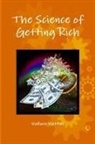 Wallace Wattles - The Science of Getting Rich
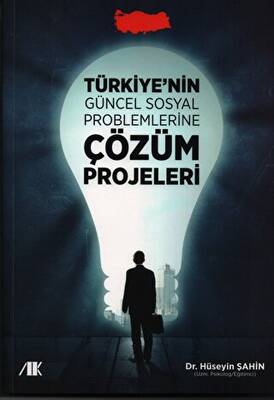 Türkiyenin Güncel Sosyal Problemlerine Çözüm Projeleri - 1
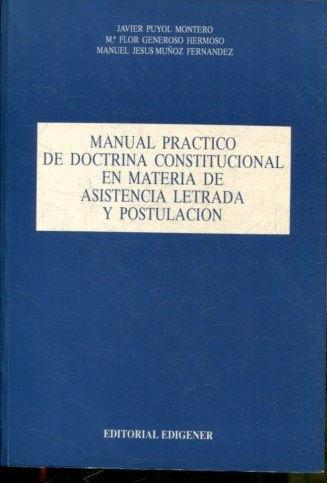 MANUAL PRACTICO DE DOCTRINA CONSTITUCIONAL EN MATERIA DE ASISTENCIA LETRADA Y POSTULACION. - PUYOL MONTERO/GENEROSO HERMOSO/MUÑOZ FERNANDEZ Javier/Mª Flor/Manuel.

Work instruction: Please write every line above out exactly as given, except for any pictures.

Solution to this problem:
 Wallace Wattles - The Science of Getting Rich
 Türkiyenin Güncel Sosyal Problemlerine Çözüm Projeleri - 1
 MANUAL PRACTICO DE DOCTRINA CONSTITUCIONAL EN MATERIA DE ASISTENCIA LETRADA Y POSTULACION. - PUYOL MONTERO/GENEROSO HERMOSO/MUÑOZ FERNANDEZ Javier/Mª Flor/Manuel.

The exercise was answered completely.